DE OPERA MANUUM COTIDIANA.
"On the daily manual work"
One of the Benedictines mottos is Ora et labora: Pray and work; or so it is usually translated. Let me point out here that the phrase is not Benedict's but is a nineteenth-century creation. In English, we are more accustomed to saying 'manual labor' than we are 'manual work'. St. Benedict has reversed these common connections. "Ora et labora" would be better translated, using English cognates, as "Pray/beseech/'orate' and labor" These are two distinct activities: imploring God and toiling physically. Women labor to give birth: it is an activity full of exertion, pain, fraught with the possibility of 'toiling in vain'. St. Benedict later uses the word labor with the distinctive unpleasant connotations I've pointed out. He says that if the brothers themselves have to do field work, monks should not therefore be saddened, but should take a kind of pride in the fact that the monastic Fathers of old as well as the Apostles, lived by the labore manuum suarum, 'the work of their own hands' (not someone else's!).
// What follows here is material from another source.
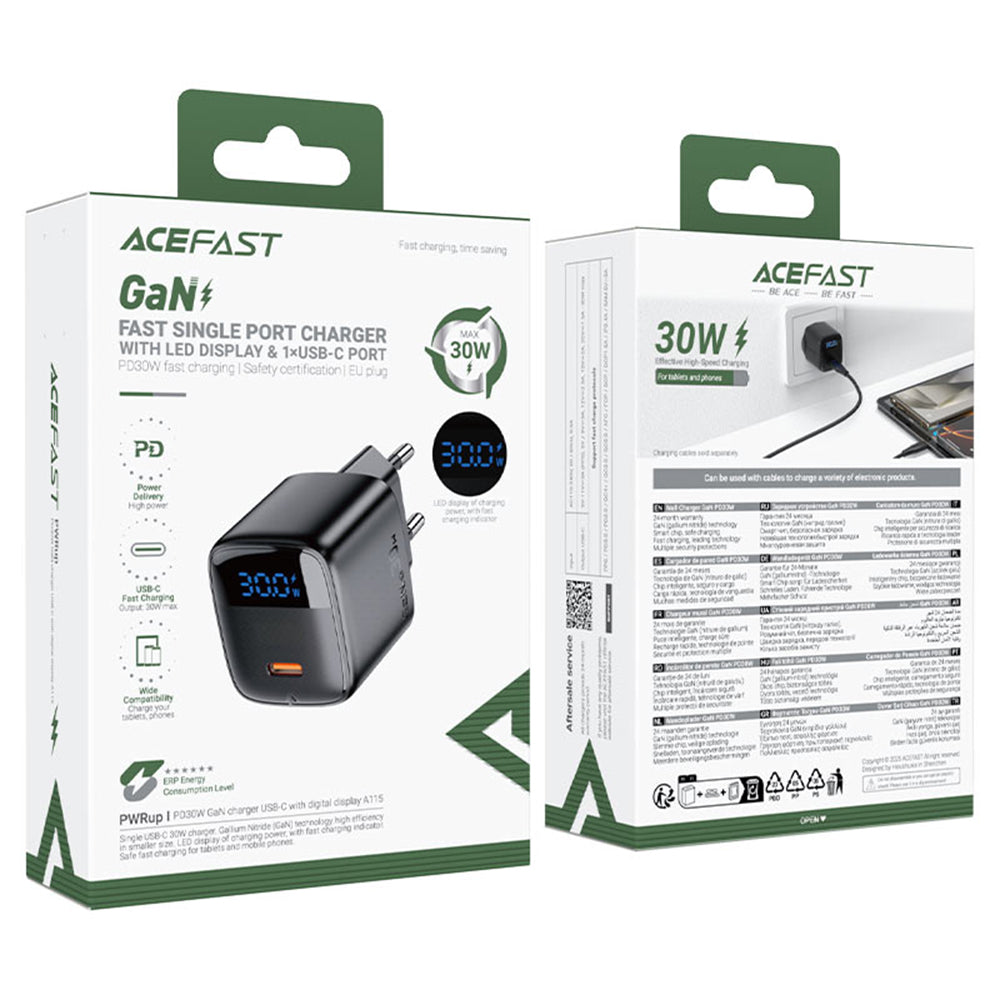 Incarcator Retea Acefast A115 Display, 30W, 3A, 1 x USB-C, Negru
So why here does St. Benedict use the word opus instead ? Perhaps by giving you the word in its nominative form, I have hinted at the answer. First, what does Strunk and White's Latin dictionary have to say about opus versus labor? Opus also means work, but it carries with it more of a sense of accomplishment, delight, productivity, 'works' that outlast us. Beethoven was the first composer to label his 'works' as 'opera', as in the wonderful Opus 59 String Quartets. Opus also carries the sense of 'service', akin to the Hebrew avodah, the privileged temple work of the holy people of Israel, and especially the priests and Levites. From this sense, we get the phrase, common in Benedict, 'opus Dei' which describes the work of praising God in the oratory.
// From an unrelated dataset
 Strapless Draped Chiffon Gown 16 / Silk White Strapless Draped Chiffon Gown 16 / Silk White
What St. Benedict has in mind, by using the phrase opus manuum rather than labor manuun, is undoubtedly the slow, untroubled, creative work that monasteries are famous for. This is not primarily meant to be back-breaking, but it might include the hard work of the harvest, of digging wells, clearing land, herding animals. But there also must be room for artisans: for writing icons, writing music, building choir stalls, baking cookies, installing lighting, copying and illuminating manuscripts, sewing, and so on. This is all 'manual work', and some of it takes genuine physical effort, but the primary thing is that it is not principally intellectual work. It is work that engages the body and the mind together, keeping both from otiositas, the idleness which is the enemy of the soul. The phrase also recalls for us that our primary work is praising God, not the work of our hands. The latter serves the former.
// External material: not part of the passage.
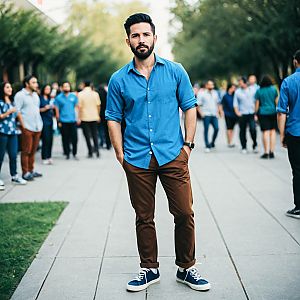 Confident Young Man in Casual Party Wear on Busy Walkway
Where possible, this work should be accompanied by the continual meditative prayer prized by monks since the desert days in Egypt. In Egypt the preferred work was basket-weaving: it allowed the monk to listen to prayers being read or to pray quietly, meditating over Scripture while his hands produced handiwork to support his withdrawal from the world. Ideal monastic work is gentle, slow, contemplative; but as in so many things, monks must discern. We will see St. Benedict's own wisdom in action in many places in this chapter.
In our own lives, in which more and more people spend their 9 to 5 job at computers or in retail and service, do we make time for real operi manuum? How often I feel better after taking a walk, practicing piano, shoveling snow, baking bread, painting signs, and so on. Such simple work dispels sadness and anxiety, frees our minds from ruminating over the same old sob stories and often produces fruits that others can enjoy. Is there a small hobby that each of us has that can be turned into this type of healthy work? Can we learn to see our 'labor' as productive in this way as well? This is a serious challenge in our world right now.